Welchen Wert hat ein Glaube für dich und mich, wenn er nicht allen Menschen hilfreich und nützlich ist? Allein dies, also das Hilfreiche und Nützliche, sind die wahrhaften Merkmale des rechten Glaubens. In der Welt, in der wir leben, glauben wir jedoch, dass es Gewinn und Verlust gibt, dass der Gewinn des Einen, stets der Verlust des Anderen ist. Daran glauben du und ich, obwohl es nicht der Wille Gottes ist, dass dem so sei. Und weil wir dem weltlichen Denken und Glauben beharrlich folgen, kann sich uns die Welt auch nur derart zeigen, wie wir glauben, dass sie es ist.

Was und woran glaubst du? Ist es dir und Anderen hilfreich und nützlich, woran du alles so glaubst? Wenn man sich die Zeit nimmt, um sich das, dem eigenen Leben scheinbar dienliche Glaubensgerüst genau anzusehen, dann kann man so manchen Glauben aufgeben, oder auch in einen neuen transformieren. Das ist ganz einfach, bewirkt sofort Erleichterung und Freude, lässt das Licht im Menschen heller strahlen, wahrlich über die Grenzen seines Körpers hinaus. Dies macht den Menschen attraktiv, denn Licht ist für all jene anziehend, die noch im Dunkeln stehen.

Man nehme einen Glauben und schreibe ihn auf. Dann prüfe man, ob dieser Glaube für alle Menschen hilfreich und nützlich ist. Wenn dies nicht zutrifft, dann formuliere man um. Zum Beispiel: Müßigang ist aller Laster Anfang. Hier kann man beispielsweise das Wort „Laster“ durch das Wort „Befreiung“ ersetzen. Doch es kann auch Liebe sein, und ich versichere dir, das wahrlich Passende wird dir nicht verborgen bleiben.

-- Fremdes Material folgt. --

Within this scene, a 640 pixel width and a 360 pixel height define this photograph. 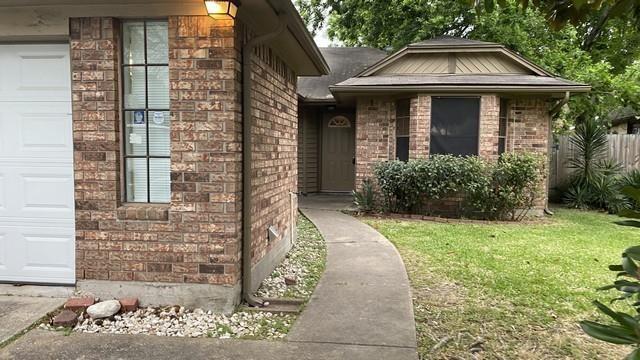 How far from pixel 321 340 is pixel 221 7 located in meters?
2.65

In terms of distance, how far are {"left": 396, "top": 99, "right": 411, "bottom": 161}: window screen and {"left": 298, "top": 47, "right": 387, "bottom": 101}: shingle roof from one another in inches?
94.3

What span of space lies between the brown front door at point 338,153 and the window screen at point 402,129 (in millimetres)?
2795

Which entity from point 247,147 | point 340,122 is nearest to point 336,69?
point 340,122

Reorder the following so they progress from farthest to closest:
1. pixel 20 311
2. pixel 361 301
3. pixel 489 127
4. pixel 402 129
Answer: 1. pixel 402 129
2. pixel 489 127
3. pixel 361 301
4. pixel 20 311

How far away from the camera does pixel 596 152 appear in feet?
38.0

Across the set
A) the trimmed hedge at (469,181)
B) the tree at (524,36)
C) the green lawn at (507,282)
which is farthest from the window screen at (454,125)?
the tree at (524,36)

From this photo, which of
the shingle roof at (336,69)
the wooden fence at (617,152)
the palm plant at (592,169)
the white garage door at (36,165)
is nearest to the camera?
the white garage door at (36,165)

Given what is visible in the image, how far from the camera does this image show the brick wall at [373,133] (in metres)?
10.5

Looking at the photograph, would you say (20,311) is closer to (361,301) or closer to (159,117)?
(159,117)

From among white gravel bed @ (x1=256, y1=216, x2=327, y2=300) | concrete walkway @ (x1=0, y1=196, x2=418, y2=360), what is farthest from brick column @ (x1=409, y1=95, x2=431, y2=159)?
concrete walkway @ (x1=0, y1=196, x2=418, y2=360)

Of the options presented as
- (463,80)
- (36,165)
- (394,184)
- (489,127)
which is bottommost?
(394,184)

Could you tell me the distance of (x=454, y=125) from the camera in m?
9.74

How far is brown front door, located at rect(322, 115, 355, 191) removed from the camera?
13211 mm

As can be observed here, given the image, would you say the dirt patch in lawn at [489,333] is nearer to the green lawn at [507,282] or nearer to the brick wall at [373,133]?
the green lawn at [507,282] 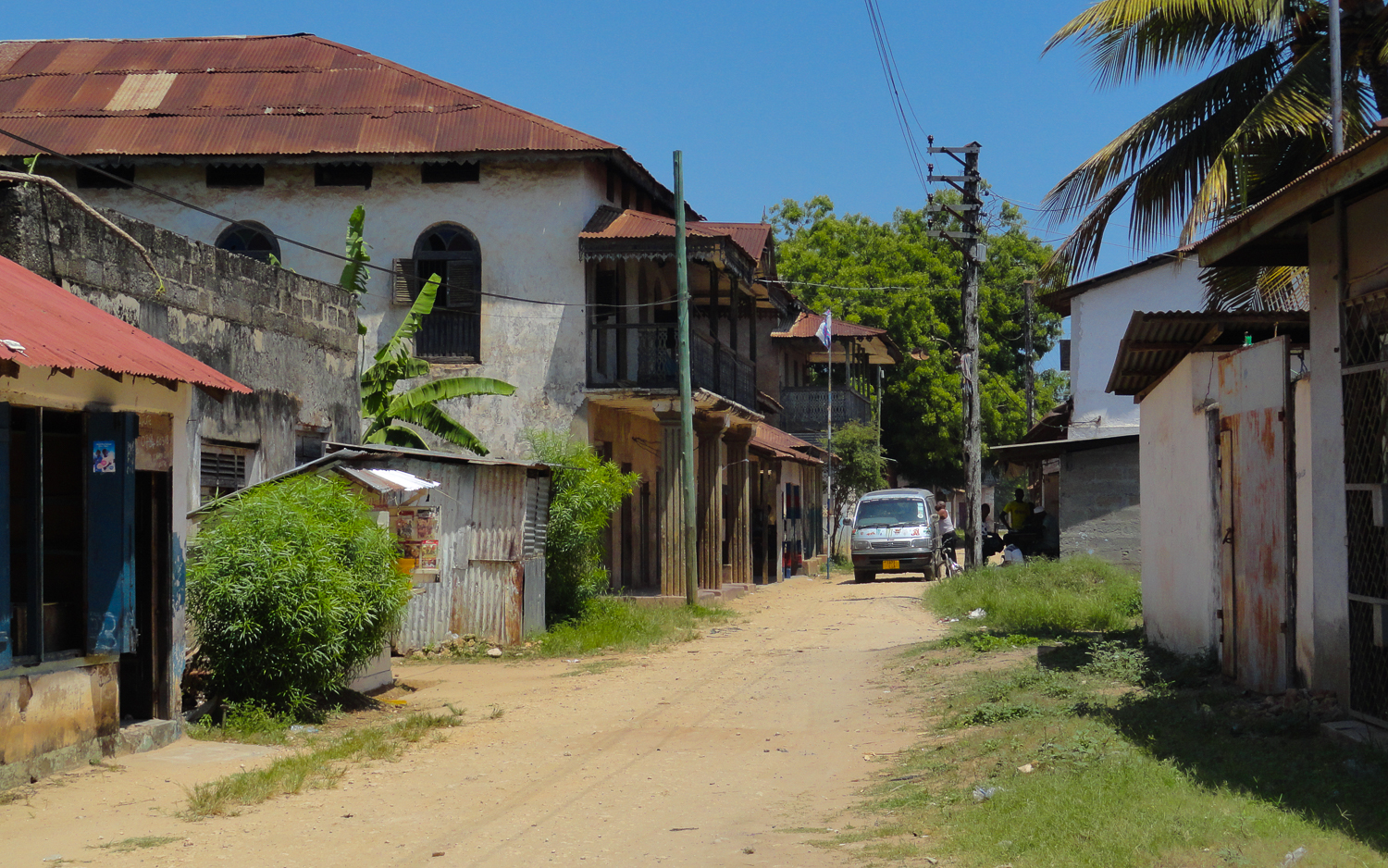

Dass es einen Gott gibt, der reine Liebe ist und alles Leben in sich trägt, hegt und schützt, dies ist zum Beispiel aus meiner Sicht, ein wahrlich hilfreicher und nützlicher Glaube für alle Menschen. Ohne Ausnahme. Wird auch nur ein Mensch ausgeschlossen, kann es nicht funktionieren. Offensichtliches gibt es diesbezüglich genug. Manch Einer wird von Sahnetorte dicker, ein Anderer wird nur friedlicher. Eben ganz so, wie der Eine und der Andere es in sich glauben.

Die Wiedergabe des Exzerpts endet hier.